Super Retail Group Limited 
For the period ended 29 June 2013  

Make good requirements in relation to leased premises.   
Make good costs arising from contractual obligations in lease agreements are recognised as provisions at the inception of the 
agreement.  A corresponding asset is taken up in property, plant and equipment at that time.  Expected future payments are 
discounted using appropriate market yields at reporting date.  

(j) 

Financial assets 

Classification 
The Group classifies its financial assets in the following categories:  financial assets at fair value through profit or loss and loans 
and receivables.  The classification depends on the purpose for which the investments were acquired.  Management determines the 
classification of its investments at initial recognition and re-evaluates this designation at each reporting date. 

Financial assets at fair value through profit or loss 

(i) 
This category has two sub-categories:  financial assets held for trading, and those designated at fair value through profit or loss on 
initial recognition.  A financial asset is classified in this category if acquired principally for the purpose of selling in the short term or if 
so designated by management.  Derivatives are also categorised as held for trading unless they are designated as hedges.  Assets 
in this category are classified as current assets if they are either held for trading or are expected to be realised within 12 months of 
the statement of financial position date. 

Loans and receivables 

(ii) 
Loans and receivables are non-derivative financial assets with fixed or determinable payments that are not quoted in an active 
market.  They arise when the Group provides money, goods or services directly to a debtor with no intention of selling the 
receivable.  They are included in current assets, except for those with maturities greater than 12 months after the statement of 
financial position date which are classified as non-current assets.  The Group’s loans and receivables comprise “trade and other 
receivables” and “cash and cash equivalents” in the statement of financial position. 

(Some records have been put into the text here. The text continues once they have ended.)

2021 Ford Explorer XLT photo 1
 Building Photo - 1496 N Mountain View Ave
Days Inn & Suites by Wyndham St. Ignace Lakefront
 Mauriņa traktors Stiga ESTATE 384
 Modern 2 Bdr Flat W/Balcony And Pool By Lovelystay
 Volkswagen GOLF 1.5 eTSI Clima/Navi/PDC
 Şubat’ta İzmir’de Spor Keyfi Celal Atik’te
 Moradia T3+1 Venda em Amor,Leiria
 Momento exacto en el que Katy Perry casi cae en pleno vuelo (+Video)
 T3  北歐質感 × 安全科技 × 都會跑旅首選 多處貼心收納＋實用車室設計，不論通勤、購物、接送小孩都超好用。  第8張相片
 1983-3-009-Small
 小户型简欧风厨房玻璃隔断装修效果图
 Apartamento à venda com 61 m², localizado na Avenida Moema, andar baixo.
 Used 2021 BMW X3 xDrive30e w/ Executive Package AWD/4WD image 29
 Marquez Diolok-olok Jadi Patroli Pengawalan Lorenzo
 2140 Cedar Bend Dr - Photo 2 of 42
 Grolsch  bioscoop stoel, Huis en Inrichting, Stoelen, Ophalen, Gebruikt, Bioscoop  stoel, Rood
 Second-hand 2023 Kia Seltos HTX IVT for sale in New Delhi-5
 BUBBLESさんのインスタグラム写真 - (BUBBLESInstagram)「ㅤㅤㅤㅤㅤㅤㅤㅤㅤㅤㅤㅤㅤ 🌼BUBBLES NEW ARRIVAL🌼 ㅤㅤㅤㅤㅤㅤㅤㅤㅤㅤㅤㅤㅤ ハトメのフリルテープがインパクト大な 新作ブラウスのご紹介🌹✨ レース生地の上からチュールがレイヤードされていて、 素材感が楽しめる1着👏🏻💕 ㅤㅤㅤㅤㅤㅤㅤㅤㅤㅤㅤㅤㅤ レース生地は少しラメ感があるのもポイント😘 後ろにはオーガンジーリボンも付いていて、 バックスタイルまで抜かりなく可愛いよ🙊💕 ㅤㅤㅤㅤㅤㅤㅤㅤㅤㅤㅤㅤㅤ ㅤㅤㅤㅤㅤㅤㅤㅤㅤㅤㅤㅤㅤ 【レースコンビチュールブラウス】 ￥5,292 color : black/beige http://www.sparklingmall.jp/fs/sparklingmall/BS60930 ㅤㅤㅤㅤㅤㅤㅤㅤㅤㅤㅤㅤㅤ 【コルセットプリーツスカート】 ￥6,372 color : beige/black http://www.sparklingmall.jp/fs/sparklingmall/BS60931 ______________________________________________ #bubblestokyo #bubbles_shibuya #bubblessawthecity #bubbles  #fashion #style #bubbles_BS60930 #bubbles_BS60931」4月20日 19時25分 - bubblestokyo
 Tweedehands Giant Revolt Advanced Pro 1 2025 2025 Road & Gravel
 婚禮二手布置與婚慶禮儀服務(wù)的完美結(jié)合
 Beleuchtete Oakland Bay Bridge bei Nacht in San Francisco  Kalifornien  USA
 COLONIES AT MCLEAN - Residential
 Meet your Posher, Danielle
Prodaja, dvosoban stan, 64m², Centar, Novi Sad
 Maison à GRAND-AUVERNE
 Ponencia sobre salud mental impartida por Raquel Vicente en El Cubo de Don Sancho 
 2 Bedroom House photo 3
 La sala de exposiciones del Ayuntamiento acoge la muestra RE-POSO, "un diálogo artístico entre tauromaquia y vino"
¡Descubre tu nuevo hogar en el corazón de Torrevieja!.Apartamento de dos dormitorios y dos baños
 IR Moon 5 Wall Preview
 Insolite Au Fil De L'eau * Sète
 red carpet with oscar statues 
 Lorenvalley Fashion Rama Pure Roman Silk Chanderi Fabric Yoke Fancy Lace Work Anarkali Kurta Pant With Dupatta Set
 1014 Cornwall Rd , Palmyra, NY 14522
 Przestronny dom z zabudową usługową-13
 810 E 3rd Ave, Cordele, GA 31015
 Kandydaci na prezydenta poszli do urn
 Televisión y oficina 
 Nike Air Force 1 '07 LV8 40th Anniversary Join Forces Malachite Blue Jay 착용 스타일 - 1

Recognition and derecognition 

(iii) 
Regular purchases and sales of financial assets are recognised on trade date – the date on which the Group commits to purchase 
or sell the asset.  Investments are initially recognised at fair value plus transaction costs for all financial assets not carried at fair 
value through profit or loss.  Financial assets carried at fair value through profit or loss are initially recognised at fair value and 
transaction costs are expensed in the income statement.  Financial assets are derecognised when the rights to receive cash flows 
from the financial assets have expired or have been transferred and the Group has transferred substantially all the risks and 
rewards of ownership. 

Subsequent measurement 

(iv) 
Loans and receivables are subsequently carried at amortised cost using the effective interest method.   

Financial assets at fair value through profit and loss are subsequently carried at fair value.  Gains or losses arising from changes in 
the fair value of the ‘financial assets at fair value through profit or loss’ category are presented in the income statement within other 
income or other expenses from ordinary activities - “Administration” in the period in which they arise.   

(k) 

Impairment of Financial Assets 

Assets carried at amortised cost 

(i) 
The Group assesses at the end of each reporting period whether there is objective evidence that a financial asset or group of 
financial assets is impaired. A financial asset or a group of financial assets is impaired and impairment losses are incurred only if 
there is objective evidence of impairment as a result of one or more events that occurred after the initial recognition of the asset (a 
‘loss event’) and that loss event (or events) has an impact on the estimated future cash flows of the financial asset or group of 
financial assets that can be reliably estimated. 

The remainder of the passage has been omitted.